-- What to work on --
Output the line containing "Ag177j twarde etui" and all subsequent lines of the listing below, copied exactly, with no other lines.

-- Listed records --
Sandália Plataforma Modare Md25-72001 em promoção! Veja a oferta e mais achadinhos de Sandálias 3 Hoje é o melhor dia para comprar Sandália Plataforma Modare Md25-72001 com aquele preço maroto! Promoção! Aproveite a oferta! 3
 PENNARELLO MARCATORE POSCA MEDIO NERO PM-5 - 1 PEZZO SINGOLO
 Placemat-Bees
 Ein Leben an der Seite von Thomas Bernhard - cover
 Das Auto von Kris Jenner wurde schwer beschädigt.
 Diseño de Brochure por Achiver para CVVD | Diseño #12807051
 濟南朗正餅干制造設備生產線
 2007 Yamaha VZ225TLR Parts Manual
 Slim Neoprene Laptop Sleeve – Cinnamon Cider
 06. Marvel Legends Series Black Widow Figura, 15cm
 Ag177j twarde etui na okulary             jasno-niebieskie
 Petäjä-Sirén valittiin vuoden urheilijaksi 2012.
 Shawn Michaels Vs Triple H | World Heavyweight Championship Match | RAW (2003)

-- Task result --
 Ag177j twarde etui na okulary             jasno-niebieskie
 Petäjä-Sirén valittiin vuoden urheilijaksi 2012.
 Shawn Michaels Vs Triple H | World Heavyweight Championship Match | RAW (2003)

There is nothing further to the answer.